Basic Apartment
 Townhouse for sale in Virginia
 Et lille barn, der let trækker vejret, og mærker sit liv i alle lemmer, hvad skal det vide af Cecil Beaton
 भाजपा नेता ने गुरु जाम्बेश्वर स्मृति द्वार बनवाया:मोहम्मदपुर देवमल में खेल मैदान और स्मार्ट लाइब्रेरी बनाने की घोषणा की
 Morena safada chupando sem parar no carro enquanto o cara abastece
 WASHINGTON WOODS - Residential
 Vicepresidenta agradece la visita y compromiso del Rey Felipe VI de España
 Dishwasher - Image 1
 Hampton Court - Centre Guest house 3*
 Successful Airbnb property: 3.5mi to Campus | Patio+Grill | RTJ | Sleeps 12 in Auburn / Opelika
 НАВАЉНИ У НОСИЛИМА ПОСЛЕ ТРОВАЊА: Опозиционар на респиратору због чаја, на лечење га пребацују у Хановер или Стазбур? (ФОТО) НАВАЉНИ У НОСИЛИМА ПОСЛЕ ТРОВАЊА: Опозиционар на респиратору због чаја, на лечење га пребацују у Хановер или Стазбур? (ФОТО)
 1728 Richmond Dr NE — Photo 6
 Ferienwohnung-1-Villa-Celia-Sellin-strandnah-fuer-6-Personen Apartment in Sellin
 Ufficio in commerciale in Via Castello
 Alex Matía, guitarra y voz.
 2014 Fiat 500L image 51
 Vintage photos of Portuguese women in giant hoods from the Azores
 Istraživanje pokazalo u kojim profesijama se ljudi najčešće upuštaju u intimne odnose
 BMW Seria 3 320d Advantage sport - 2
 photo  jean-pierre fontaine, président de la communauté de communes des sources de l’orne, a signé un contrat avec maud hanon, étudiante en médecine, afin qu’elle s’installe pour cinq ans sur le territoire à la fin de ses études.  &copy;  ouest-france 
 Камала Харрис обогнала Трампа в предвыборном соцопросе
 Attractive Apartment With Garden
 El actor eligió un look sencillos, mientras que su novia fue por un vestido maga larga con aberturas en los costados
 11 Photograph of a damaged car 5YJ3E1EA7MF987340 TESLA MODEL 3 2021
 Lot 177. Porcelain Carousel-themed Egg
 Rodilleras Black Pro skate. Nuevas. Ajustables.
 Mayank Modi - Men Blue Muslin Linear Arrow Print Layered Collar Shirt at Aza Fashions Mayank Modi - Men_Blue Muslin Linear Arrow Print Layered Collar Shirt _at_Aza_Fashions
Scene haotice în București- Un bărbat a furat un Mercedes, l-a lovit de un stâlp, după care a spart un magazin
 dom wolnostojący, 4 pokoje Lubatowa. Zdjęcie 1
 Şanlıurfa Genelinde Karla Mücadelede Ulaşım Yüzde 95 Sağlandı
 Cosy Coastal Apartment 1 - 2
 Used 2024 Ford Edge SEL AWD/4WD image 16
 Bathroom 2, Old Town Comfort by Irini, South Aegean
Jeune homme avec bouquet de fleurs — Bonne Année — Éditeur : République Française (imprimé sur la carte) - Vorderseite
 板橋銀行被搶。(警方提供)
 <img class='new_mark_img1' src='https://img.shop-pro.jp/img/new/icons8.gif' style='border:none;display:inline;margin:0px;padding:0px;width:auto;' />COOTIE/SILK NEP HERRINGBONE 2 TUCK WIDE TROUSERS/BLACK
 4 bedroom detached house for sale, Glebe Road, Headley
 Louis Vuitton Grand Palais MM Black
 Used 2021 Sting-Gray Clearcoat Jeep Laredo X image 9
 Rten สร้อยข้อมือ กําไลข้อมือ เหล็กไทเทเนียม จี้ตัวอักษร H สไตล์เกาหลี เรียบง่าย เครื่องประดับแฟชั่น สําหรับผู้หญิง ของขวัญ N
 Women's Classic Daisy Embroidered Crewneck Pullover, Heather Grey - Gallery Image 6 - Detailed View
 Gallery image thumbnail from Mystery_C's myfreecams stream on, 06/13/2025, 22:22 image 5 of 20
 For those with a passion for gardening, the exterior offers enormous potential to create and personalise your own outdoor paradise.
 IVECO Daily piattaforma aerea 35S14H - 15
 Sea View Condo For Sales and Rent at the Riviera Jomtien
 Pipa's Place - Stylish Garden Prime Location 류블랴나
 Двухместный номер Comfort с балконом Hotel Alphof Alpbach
--------------------------------
What you should do
All lines above between those holding "Townhouse for sale in Virginia" and "11 Photograph of", inclusive, must be set down unchanged, and no other line may be included.

Task response
 Townhouse for sale in Virginia
 Et lille barn, der let trækker vejret, og mærker sit liv i alle lemmer, hvad skal det vide af Cecil Beaton
 भाजपा नेता ने गुरु जाम्बेश्वर स्मृति द्वार बनवाया:मोहम्मदपुर देवमल में खेल मैदान और स्मार्ट लाइब्रेरी बनाने की घोषणा की
 Morena safada chupando sem parar no carro enquanto o cara abastece
 WASHINGTON WOODS - Residential
 Vicepresidenta agradece la visita y compromiso del Rey Felipe VI de España
 Dishwasher - Image 1
 Hampton Court - Centre Guest house 3*
 Successful Airbnb property: 3.5mi to Campus | Patio+Grill | RTJ | Sleeps 12 in Auburn / Opelika
 НАВАЉНИ У НОСИЛИМА ПОСЛЕ ТРОВАЊА: Опозиционар на респиратору због чаја, на лечење га пребацују у Хановер или Стазбур? (ФОТО) НАВАЉНИ У НОСИЛИМА ПОСЛЕ ТРОВАЊА: Опозиционар на респиратору због чаја, на лечење га пребацују у Хановер или Стазбур? (ФОТО)
 1728 Richmond Dr NE — Photo 6
 Ferienwohnung-1-Villa-Celia-Sellin-strandnah-fuer-6-Personen Apartment in Sellin
 Ufficio in commerciale in Via Castello
 Alex Matía, guitarra y voz.
 2014 Fiat 500L image 51
 Vintage photos of Portuguese women in giant hoods from the Azores
 Istraživanje pokazalo u kojim profesijama se ljudi najčešće upuštaju u intimne odnose
 BMW Seria 3 320d Advantage sport - 2
 photo  jean-pierre fontaine, président de la communauté de communes des sources de l’orne, a signé un contrat avec maud hanon, étudiante en médecine, afin qu’elle s’installe pour cinq ans sur le territoire à la fin de ses études.  &copy;  ouest-france 
 Камала Харрис обогнала Трампа в предвыборном соцопросе
 Attractive Apartment With Garden
 El actor eligió un look sencillos, mientras que su novia fue por un vestido maga larga con aberturas en los costados
 11 Photograph of a damaged car 5YJ3E1EA7MF987340 TESLA MODEL 3 2021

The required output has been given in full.